1.- Miniaturas incandescentes
Ojos de tigre, manos de Fátima, tréboles de cuatro hojas, o simplemente una moneda, un anillo, una gema, una foto: un amuleto es "un objeto que protege a una persona frente a un problema", dice Plinio el Viejo en su Historia Natural, la primera enciclopedia publicada entre los años 77 y 79 de nuestra era.
Me inscribo a un taller que se llama “Escritura de amuletos. Exploración en torno a los objetos”. Durante tres semanas vivo sumergida en las lecturas y los ejercicios que nos sugieren la querida Daniela Rea y Saúl Hernández Vargas a las mujeres que tomamos las clases. No sé por qué sólo somos mujeres. ¿Nos interesa más el vínculo entre los objetos y el afecto?
Soy de guardar cosas. Muchas. Más de las que debería. No sé si son amuletos o talismanes o simples acompañantes. Lo que sí sé es que cada uno tiene su historia y eso es lo que tengo miedo de perder cuando me invada el olvido. Son mis ayuda-memoria. ¿Existe una palabra para esos objetos que nos ayudan a recordar?
He pasado unos cuantos naufragios, y cada uno ha arrasado con una parte de las cosas que amo. A veces me queda algo: un vestigio, una huella. Me aferro a ellos. Tal vez por eso soy de objetos pequeños: un par de anillos, un oso de peluche, una talla en madera. Ahí van conmigo, de casa en casa, de vida en vida.
Soy de guardar cosas. Muchas, dije. Me gusta tenerlas conmigo. “Síndrome de exilio”, lo llama mi hija. Quizás tenga razón. Al mismo tiempo, sé que podría sobrevivir sin ninguna de ellas. Sin nada. Lo he hecho más de una vez. Será que escribo para que mis amuletos se vuelvan palabras, lo único que -a pesar del dicho popular- no se puede llevar el viento.
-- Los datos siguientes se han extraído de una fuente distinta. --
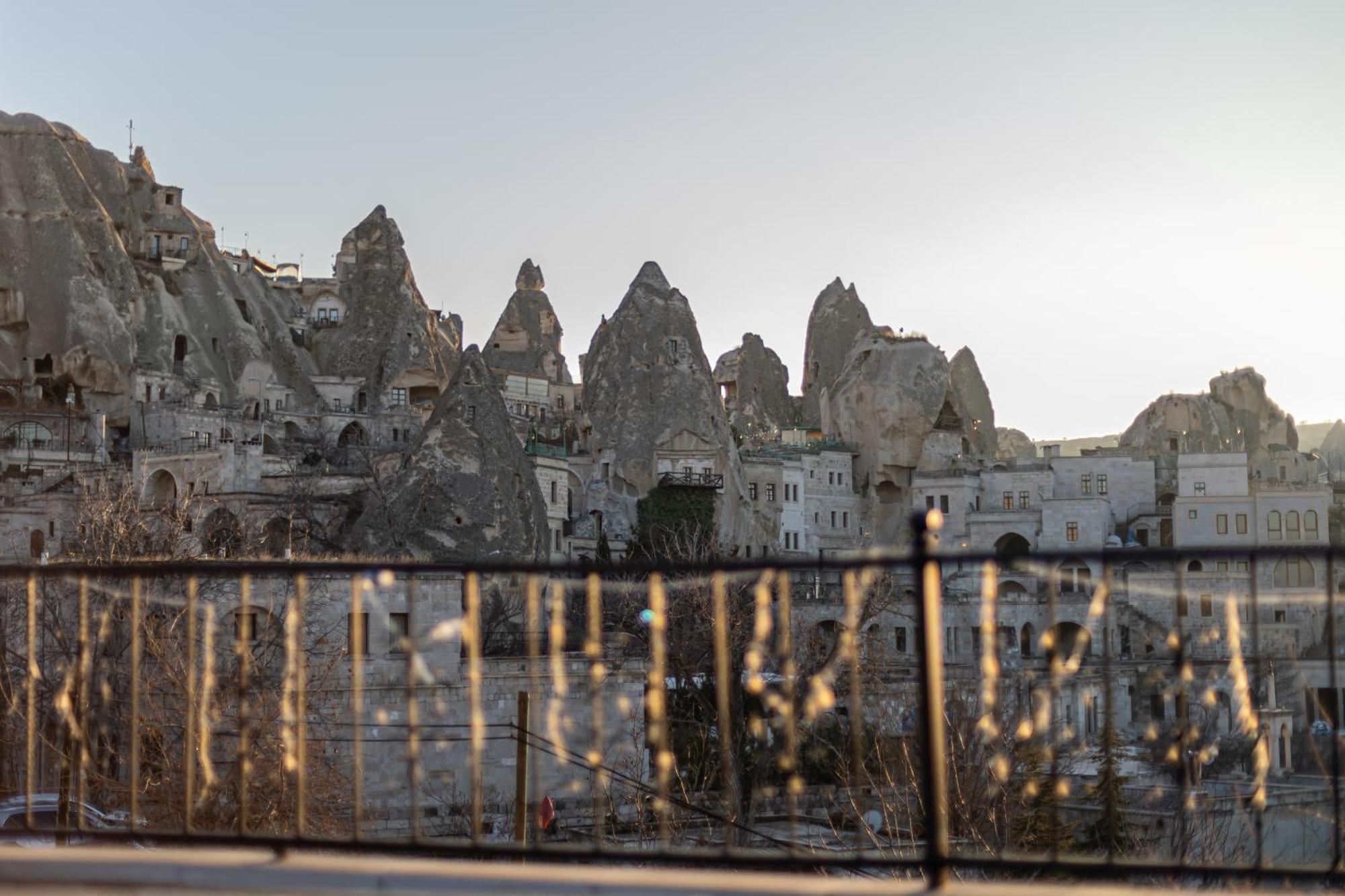 Отель Arcus Cappadocia Гореме Экстерьер фото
La poeta argentina María Negroni reunió 185 poemas inéditos en español de Emily Dickinson -uno de sus grandes amores- en un libro llamado La miniatura incandescente. “Los cuartetos que conforman este volumen constituyen una curiosidad. No forman parte —de forma oficial— de la obra poética de Dickinson. La poeta los escribía como pequeños amuletos y los enviaba como si fueran regalos, acompañando flores, o imbricados adentro de la prosa de sus cartas”, escribe en el prólogo. Comparto con ustedes dos de esas miniaturas:
Apenas Carmín en su rostro
De tenue esmeralda su Ajuar –
Su belleza es un amor que hace –
De sí mismo – espejo – del mío
.
Me oculto dentro de mi flor
Para que, al marchitarse en tu Vaso,
Tú, sin querer, sientas por mí –
Casi un desamparo.
2.- Mi madre, la pepenadora
A veces era una piedra del río, a veces una corteza, o una hoja seca. Mi madre era una pepenadora de la naturaleza. Veía belleza donde los otros vemos pedazos de cosas, vestigios, restos. Tierra removida, ramas.
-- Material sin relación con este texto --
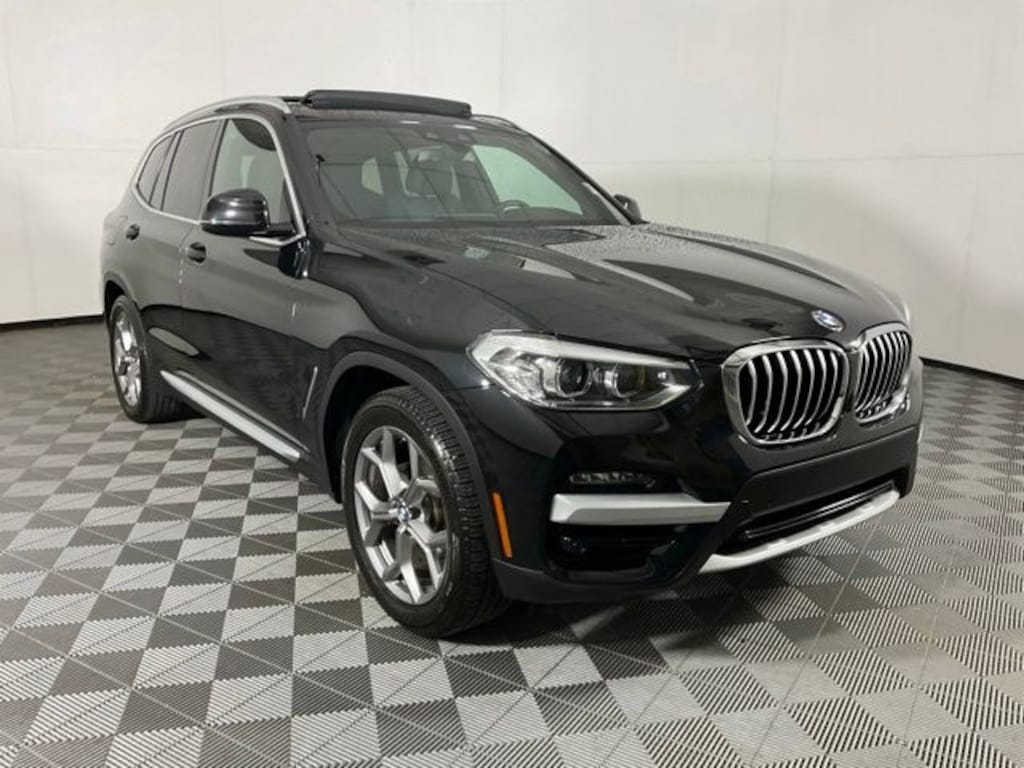 Used 2020 BMW X3 xDrive30i SUV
Quizás por eso me conmovió tanto el documental de Agnes Varda, “Los espigadores y la espigadora” (“Les glaneurs et la glaneuse”, 2000). En él, Varda acompaña a distintas personas que “espigan”, recolectan, cosechan, a veces en los mercados, a veces en la calle, a veces en la basura, cosas que otros desechan.
Mi madre era, sin saberlo, un personaje de la directora belga. Como ella, creaba con esos pequeños regalos que dejan el mar, el viento o el descuido de alguien. Regalos cargados de tiempo, de memoria, de voces que no alcanzamos a descifrar.
Así apareció un día un trozo de madera, un pedacito de tronco de quién sabe qué árbol que empezó a lijar con el mismo cuidado con el que hacía dibujos en tinta china. Lo lijó hasta dejarlo tan suave que enseguida daban ganas de acariciarlo. Mi madre pepenaba restos y los convertía en caricias.
Este es uno de mis amuletos más amados. Mide apenas 15 centímetros, pero encierra el universo.